Folha de S. Paulo


Tunísia vota domingo para consolidar Primavera Árabe

No último dia da campanha, militantes de três partidos diferentes distribuem propaganda eleitoral na praça principal do bairro de Marsa, zona leste de Túnis, a capital da Tunísia. Boa parte dos cidadãos reage com indiferença e nem aceita os folhetos.

As eleições legislativas de domingo (26) no país, berço da Primavera Árabe e seu único exemplo de relativo sucesso, deveriam coroar o processo de transição para a democracia iniciado em 2011. Mas suscitam mais interesse nos meios de comunicação que entre os cidadãos.

As forças de segurança se encontram em estado de alerta desde que, na quinta-feira (23), ocorreram vários tiroteios com radicais islâmicos, que terminaram com a morte de um policial e de um guarda de segurança.

"Eu não pretendo votar", fala em tom provocativo Helmi, um rapaz que guarda os carros estacionados diante da praia, mediante o pagamento de alguns trocados. "Todos os políticos são iguais e só defendem seus próprios interesses. Não espero nada deles", completa.

Sua apatia é representativa da atitude de boa parte da juventude, o setor da sociedade mais afetado por desemprego e subemprego, problemas que a revolução não conseguiu resolver.

"Sinto que nossa revolução foi confiscada pelos políticos. Em todas as áreas, como a liberdade de expressão, os direitos humanos, houve um retrocesso em relação aos primeiros meses da revolução", diz Lina Ben Mhemi, célebre ativista e blogueira.

O abismo que separa a juventude da política não surpreende, apesar de os jovens terem exercido papel chave na revolta que depôs o ditador Zine Ben Ali.

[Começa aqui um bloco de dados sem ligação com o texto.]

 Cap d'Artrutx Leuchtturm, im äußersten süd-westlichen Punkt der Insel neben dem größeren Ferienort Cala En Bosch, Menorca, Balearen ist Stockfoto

"A frustração dos jovens é compreensível. A revolução ainda não atendeu às suas expectativas. Mas precisamos ser pacientes. Depois de qualquer revolução, sempre há um período de turbulência política e econômica", opina o jornalista Omar Mestiri.

ECONOMIA PARADA

A evolução da Tunísia é alentadora, especialmente quando comparada aos outros países abalados pelas revoltas árabes.

A Síria está mergulhada numa guerra civil e agora enfrenta o avanço da milícia radical Estado Islâmico, enquanto Egito, Líbia e Iêmen sofrem reiterados espasmos violentos.

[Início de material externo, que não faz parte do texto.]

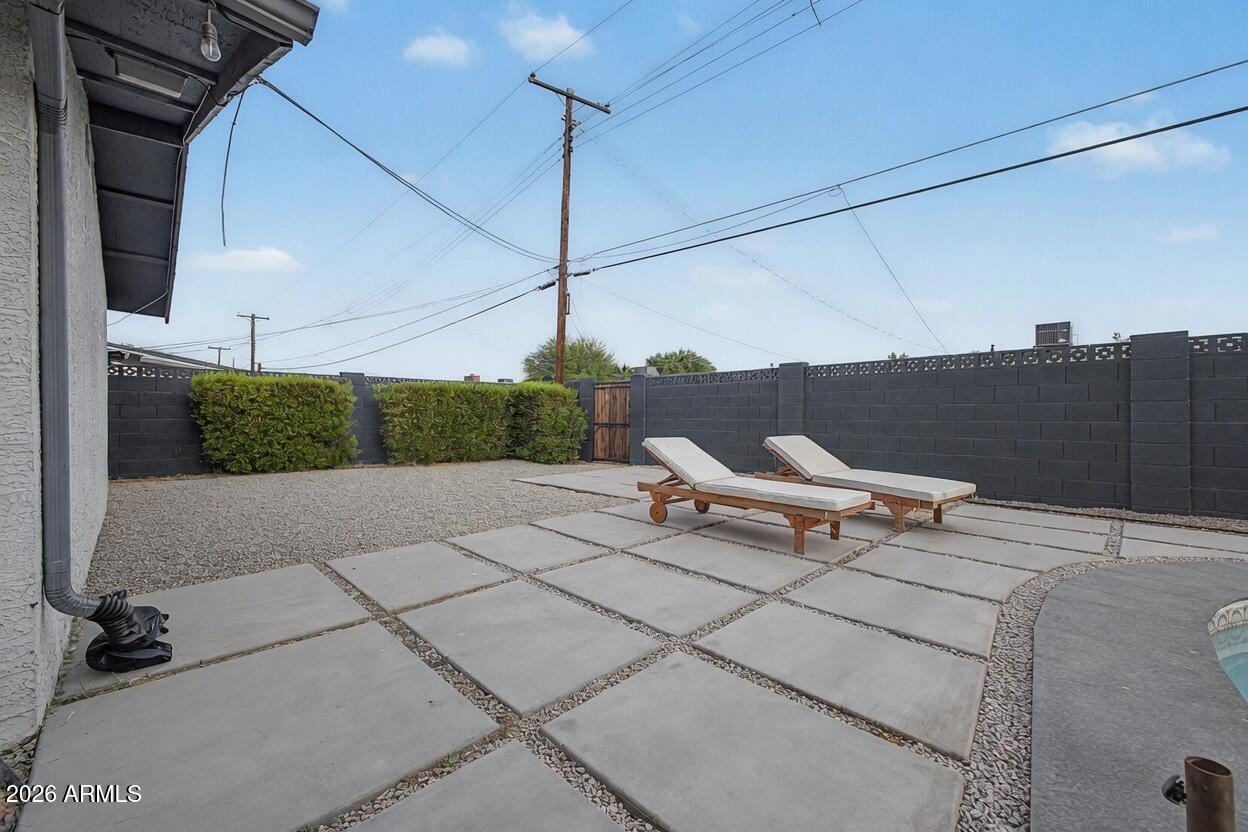 WEST PLAZA 12 LOT 2212-2356 TR A - Residential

Na Tunísia, após um período de grande tensão causado pelo assassinato de dois políticos liberais, as forças políticas conseguiram chegar a um consenso para a formação de um governo tecnocrático e a aprovação de uma nova Constituição, que garante liberdades individuais.

As eleições legislativas de domingo e as presidenciais de novembro devem coroar o processo de transição.

Mas esses avanços foram ofuscados pela estagnação da economia, que crescerá menos de 3% neste ano, a retomada do desemprego (13,8%) e a alta da inflação (6%). Uma parte da sociedade sente certa nostalgia da estabilidade da era de Ben Ali.

De acordo com as pesquisas, o partido favorito é o Nidá Tunísia, uma aliança entre figuras conhecidas da esquerda e políticos e empresários da era de Ben Ali.

O nascimento da aliança foi motivado pelo medo de que se consolide a hegemonia dos islâmicos moderados do Nahda, que venceram as primeiras eleições livres de 2011 e lideraram o primeiro governo eleito da Tunísia.

Como acontece em outros países árabes, a luta política se dá entre forças islâmicas e as laicas. Diferentemente do Nidá Tunísia, os islâmicos não querem jogar lenha na fogueira da polarização na campanha eleitoral.

"Nossa aposta é no diálogo. Diferentemente de nossos adversários, achamos que ninguém deve ser excluído", explica o número dois do partido, Abdel Fatah Moro.

O mais provável é que nenhum partido conquiste a maioria absoluta, o que exigirá a formação de um governo de coalizão.